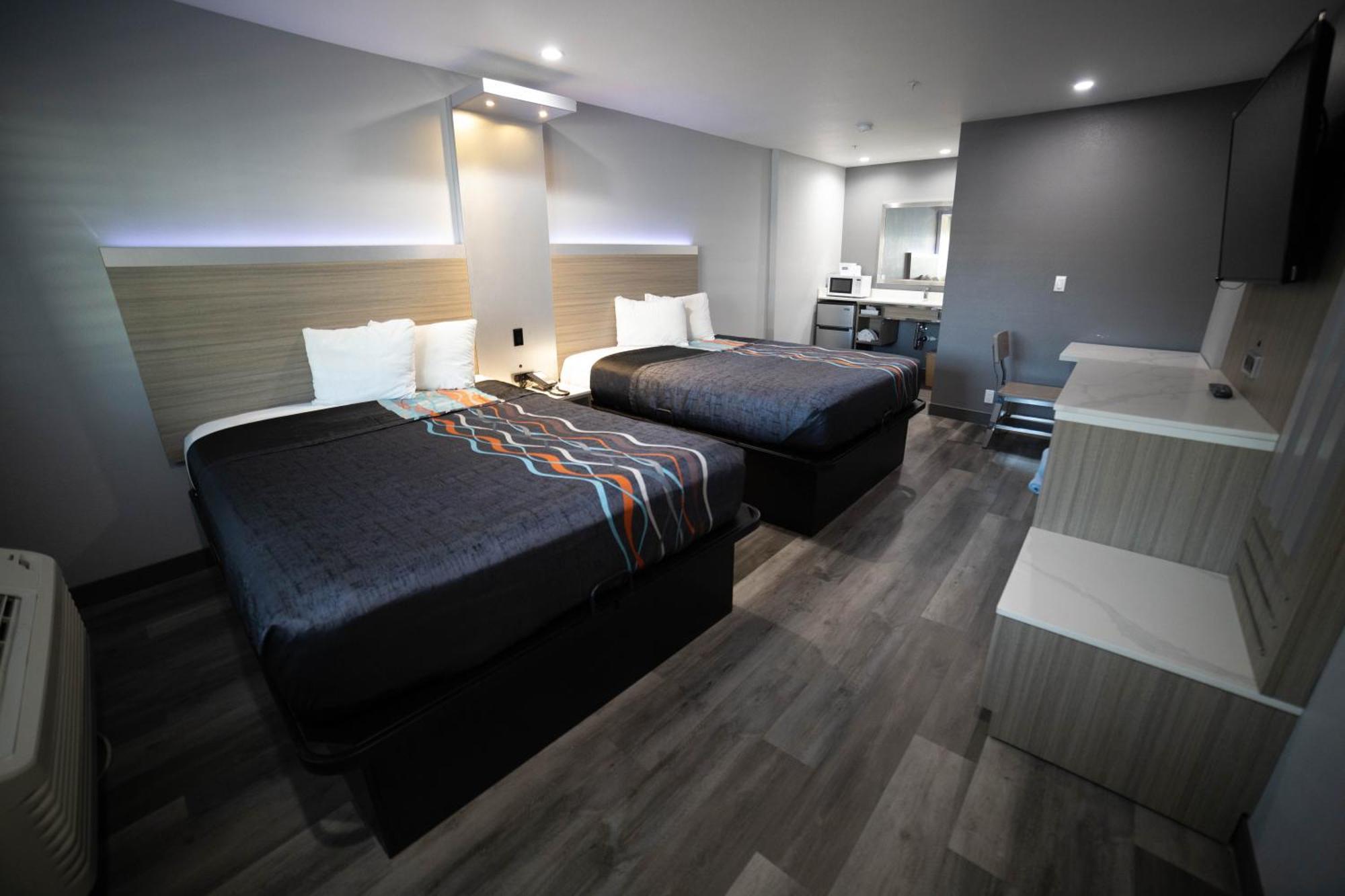 Travelodge By Wyndham Whittier Exteriér fotografie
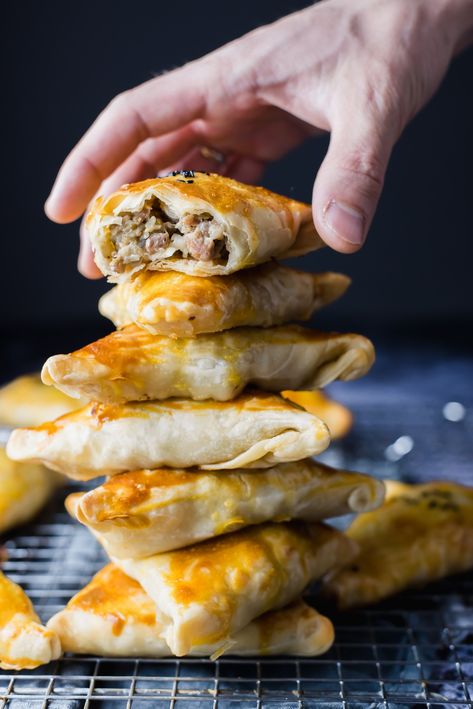 Uzbek Samsa - GastroSenses Uzbekistan Food, Roast Lamb Leg, Meat Pie, Savory Pie, Spiderman Homecoming, Global Recipes, Russian Recipes, Homecoming Proposal Ideas, Homecoming Proposal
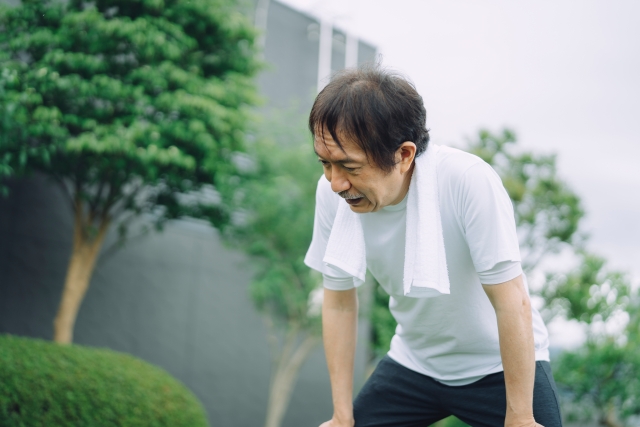 高血圧で息切れする男性 | 脳活整体ルーム APLO(アプロ)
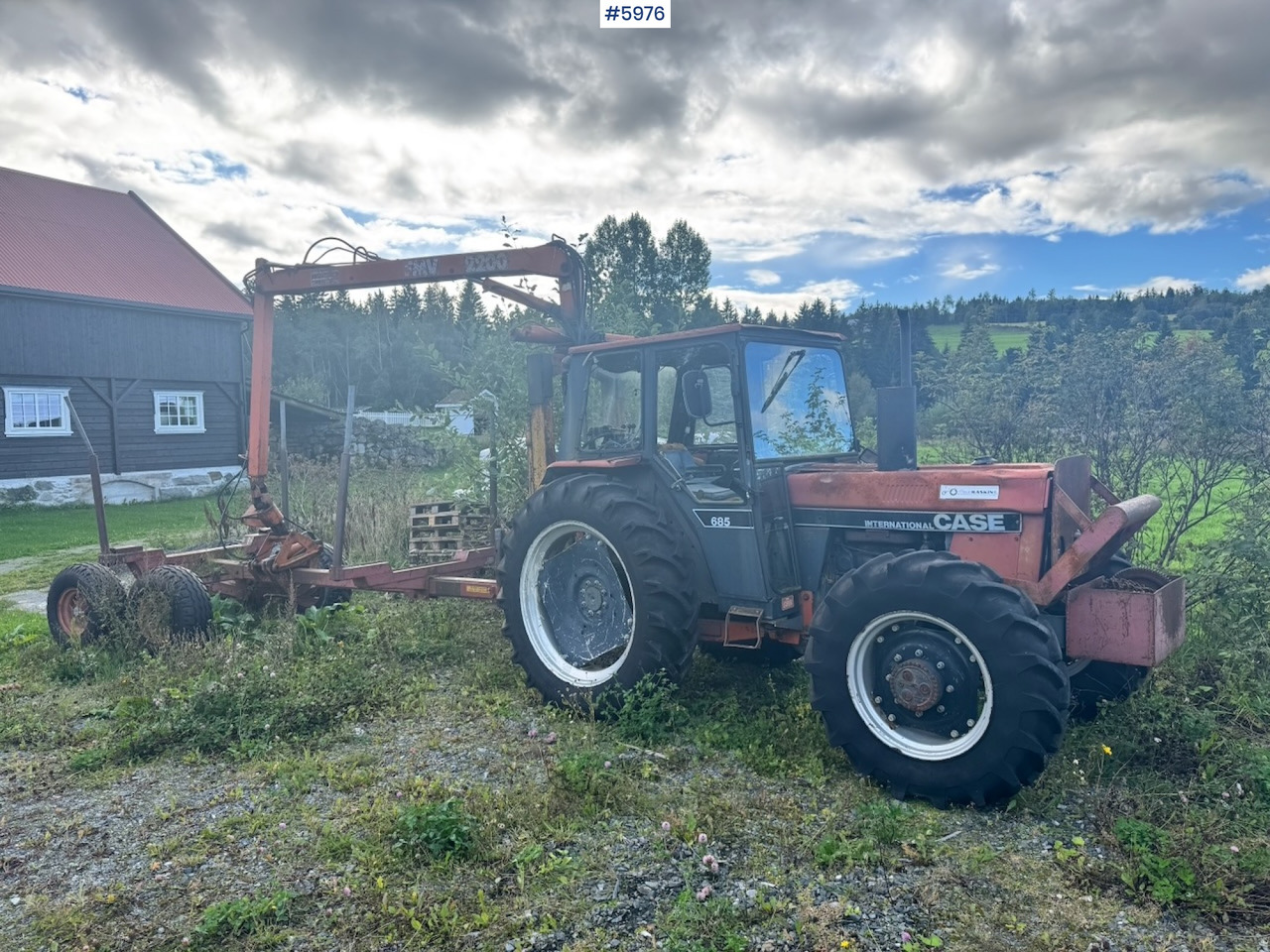 1985 Case International 685 with Log Trailer - 拖拉机:图4 1985 Case International 685 with Log Trailer - 拖拉机:图4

# # # #

WORK ORDER - Any picture in the data is to be skipped, while each line is returned exactly as written.

OUTPUT BELOW -
 Travelodge By Wyndham Whittier Exteriér fotografie
 Uzbek Samsa - GastroSenses Uzbekistan Food, Roast Lamb Leg, Meat Pie, Savory Pie, Spiderman Homecoming, Global Recipes, Russian Recipes, Homecoming Proposal Ideas, Homecoming Proposal
 高血圧で息切れする男性 | 脳活整体ルーム APLO(アプロ)
 1985 Case International 685 with Log Trailer - 拖拉机:图4 1985 Case International 685 with Log Trailer - 拖拉机:图4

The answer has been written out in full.